Ten Years in Berlin
I came in Berlin at the end of May 2015, with a job set to start on June 1st. I came here officially for “at least 6 months” and somehow it has been 10 years. I was burned out when I moved to Berlin, after having voluntarily quit a job that was killing me.
It was a hard decision to leave my home country, but I had to do it to save myself and the relationship I was in and I can say that it worked. I remember telling my dad “in the worst case I will come back and I would have learned German”. Here I am still here and my German kinda sucks.
Moving here was one of the best decisions I’ve ever taken. Do I love it now? Nope. Do I know if I want to stay for another ten years? No idea. But I have to be infinitely grateful to all the people I’ve met and have made me grow.

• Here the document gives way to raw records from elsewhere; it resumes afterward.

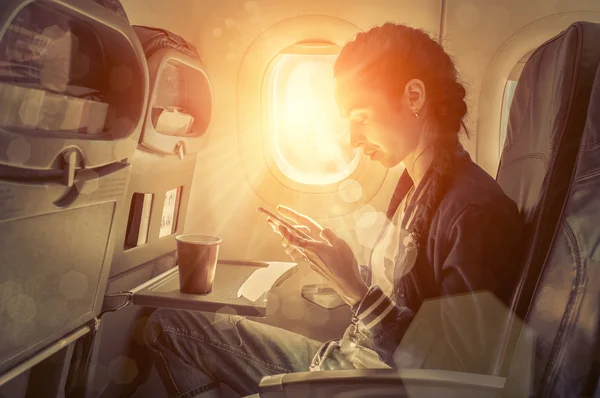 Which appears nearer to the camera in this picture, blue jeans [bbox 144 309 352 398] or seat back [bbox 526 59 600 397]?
seat back [bbox 526 59 600 397]

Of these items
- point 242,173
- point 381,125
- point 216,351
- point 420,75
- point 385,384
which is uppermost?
point 420,75

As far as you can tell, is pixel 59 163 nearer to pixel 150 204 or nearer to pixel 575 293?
pixel 150 204

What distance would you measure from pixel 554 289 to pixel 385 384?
32 cm

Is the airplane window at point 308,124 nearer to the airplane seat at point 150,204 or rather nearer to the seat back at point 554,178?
the airplane seat at point 150,204

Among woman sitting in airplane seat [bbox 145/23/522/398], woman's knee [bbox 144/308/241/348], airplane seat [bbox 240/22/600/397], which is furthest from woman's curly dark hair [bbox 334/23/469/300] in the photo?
woman's knee [bbox 144/308/241/348]

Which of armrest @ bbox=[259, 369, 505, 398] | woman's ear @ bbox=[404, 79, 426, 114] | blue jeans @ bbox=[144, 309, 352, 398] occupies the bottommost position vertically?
blue jeans @ bbox=[144, 309, 352, 398]

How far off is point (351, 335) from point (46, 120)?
0.88 m

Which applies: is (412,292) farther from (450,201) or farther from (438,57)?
(438,57)

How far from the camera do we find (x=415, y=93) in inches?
48.5

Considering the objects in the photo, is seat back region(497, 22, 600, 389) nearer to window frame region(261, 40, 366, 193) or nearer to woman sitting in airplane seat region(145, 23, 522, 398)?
woman sitting in airplane seat region(145, 23, 522, 398)

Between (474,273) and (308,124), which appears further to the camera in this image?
(308,124)

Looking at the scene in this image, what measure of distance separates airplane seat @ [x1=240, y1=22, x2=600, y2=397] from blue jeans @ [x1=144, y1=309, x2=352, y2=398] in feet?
1.53

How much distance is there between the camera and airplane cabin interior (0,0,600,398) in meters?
0.84

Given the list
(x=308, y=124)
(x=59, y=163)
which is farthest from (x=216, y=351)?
(x=308, y=124) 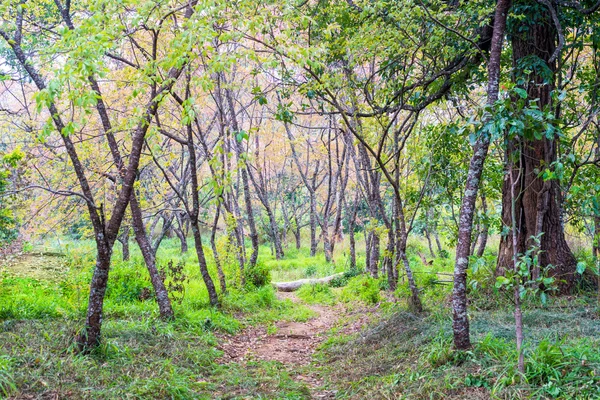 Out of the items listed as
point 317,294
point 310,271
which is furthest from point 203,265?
point 310,271

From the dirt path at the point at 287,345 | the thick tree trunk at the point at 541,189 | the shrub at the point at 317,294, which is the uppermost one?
the thick tree trunk at the point at 541,189

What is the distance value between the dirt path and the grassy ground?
0.16m

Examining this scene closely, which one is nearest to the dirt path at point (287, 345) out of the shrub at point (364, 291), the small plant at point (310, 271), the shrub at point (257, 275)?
the shrub at point (364, 291)

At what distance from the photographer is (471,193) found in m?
4.21

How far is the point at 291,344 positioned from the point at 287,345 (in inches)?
3.6

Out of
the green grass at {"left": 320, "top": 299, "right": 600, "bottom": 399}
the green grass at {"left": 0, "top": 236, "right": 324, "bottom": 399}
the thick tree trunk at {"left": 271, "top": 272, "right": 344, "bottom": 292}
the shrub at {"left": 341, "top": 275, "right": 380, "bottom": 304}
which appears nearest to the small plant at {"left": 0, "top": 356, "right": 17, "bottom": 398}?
the green grass at {"left": 0, "top": 236, "right": 324, "bottom": 399}

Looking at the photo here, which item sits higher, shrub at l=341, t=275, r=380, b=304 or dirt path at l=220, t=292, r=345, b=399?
shrub at l=341, t=275, r=380, b=304

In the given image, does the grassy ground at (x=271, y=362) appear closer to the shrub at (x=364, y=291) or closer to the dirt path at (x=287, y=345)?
the dirt path at (x=287, y=345)

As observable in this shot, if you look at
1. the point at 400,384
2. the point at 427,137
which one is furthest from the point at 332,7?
the point at 400,384

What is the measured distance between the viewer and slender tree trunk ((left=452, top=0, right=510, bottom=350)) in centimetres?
406

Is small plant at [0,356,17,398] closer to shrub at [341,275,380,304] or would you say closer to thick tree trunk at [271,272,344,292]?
shrub at [341,275,380,304]

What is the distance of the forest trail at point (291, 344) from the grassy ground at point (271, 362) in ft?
0.43

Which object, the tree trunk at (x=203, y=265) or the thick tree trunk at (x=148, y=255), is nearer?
the thick tree trunk at (x=148, y=255)

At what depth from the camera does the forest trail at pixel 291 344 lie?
5.83 meters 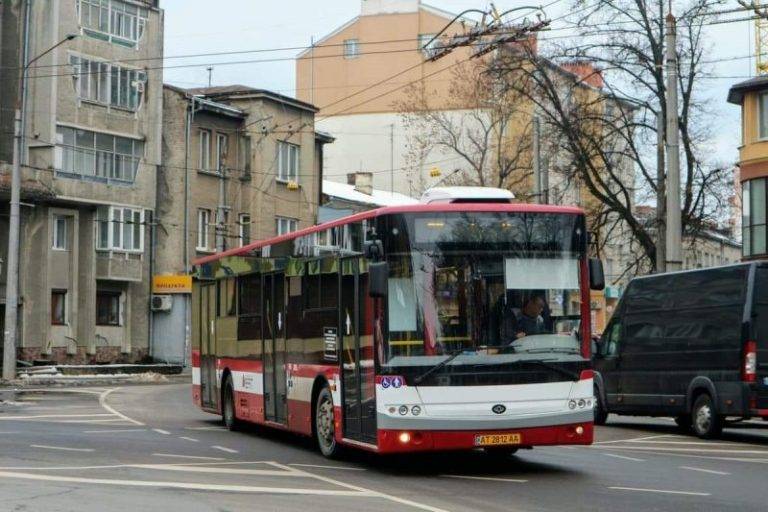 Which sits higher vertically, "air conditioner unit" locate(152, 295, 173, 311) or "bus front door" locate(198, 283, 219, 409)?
"air conditioner unit" locate(152, 295, 173, 311)

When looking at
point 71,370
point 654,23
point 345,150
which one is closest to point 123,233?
point 71,370

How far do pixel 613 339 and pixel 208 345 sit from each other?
708 cm

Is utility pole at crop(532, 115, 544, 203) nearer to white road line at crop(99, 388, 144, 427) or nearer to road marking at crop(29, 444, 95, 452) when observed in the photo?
white road line at crop(99, 388, 144, 427)

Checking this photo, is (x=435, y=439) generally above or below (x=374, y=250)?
below

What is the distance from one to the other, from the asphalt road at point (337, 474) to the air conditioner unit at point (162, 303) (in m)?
30.0


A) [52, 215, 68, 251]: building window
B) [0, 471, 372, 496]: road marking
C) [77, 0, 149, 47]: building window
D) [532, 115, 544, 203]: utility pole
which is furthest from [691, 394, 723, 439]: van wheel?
[77, 0, 149, 47]: building window

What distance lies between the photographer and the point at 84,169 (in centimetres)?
4928

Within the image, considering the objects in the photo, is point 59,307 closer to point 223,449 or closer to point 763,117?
point 763,117

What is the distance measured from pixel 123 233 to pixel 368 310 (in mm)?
37414

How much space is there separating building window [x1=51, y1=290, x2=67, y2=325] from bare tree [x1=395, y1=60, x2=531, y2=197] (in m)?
17.0

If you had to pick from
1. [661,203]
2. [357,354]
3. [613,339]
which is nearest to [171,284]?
[661,203]

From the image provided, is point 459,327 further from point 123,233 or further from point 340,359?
point 123,233

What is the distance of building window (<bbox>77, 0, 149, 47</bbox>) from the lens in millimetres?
49650

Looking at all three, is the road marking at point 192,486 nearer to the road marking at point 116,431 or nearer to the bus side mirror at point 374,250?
the bus side mirror at point 374,250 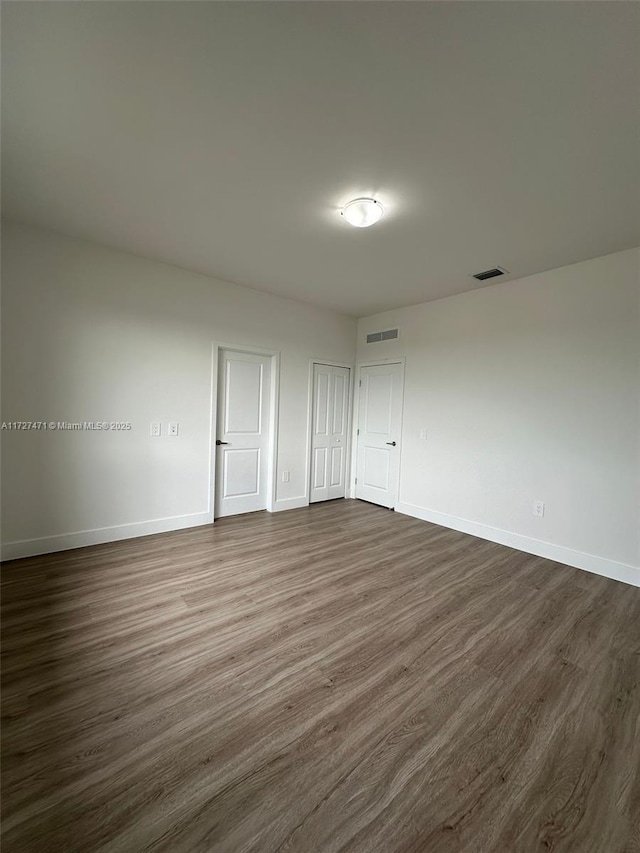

Work wise, the first team I worked with is a special memory that I will always bring with me. A grumpy team of sysops, all Germans. I knew nothing about what they were doing, but they accepted me like one of them. It is so important to feel accepted and welcome when you start something new and I always try to keep it in mind in any situation I am in. Can’t say this is how I feel all the time, especially in Berlin. Anyways, the first twelve months with them truly shaped my learning for the next years to come, at least from the technical point of view. It’s what I wanted to do and what I needed and it happened at the right time. After roughly 3 years I changed jobs, changed other things, learned different things. It’s harder now for me to say what I will learn or what I will focus on in the next ten. It’s hard to learn at this stage of my career and it’s harder to be supported from companies. But I’m exploring things with awereness and trying to be a better person at work every day.
The same happens in my private life. I’m married now, I’m (somehow) a father and have to think about the future of my family. If you met me ten years ago and you meet me now, one thing that you will notice is that.. I’m quite a different person. Life changed me, both in good ways and bad ways. I’m aware of this.
I changed a lot. But what I have in common with myself ten years ago is that from the 1st of June I will be working in Berlin. Surely for a few months, then I’ll see. Maybe I get actually good at German or I stay another 10 years or I settle for good. But today I don’t think about the future, today I just celebrate this milestone.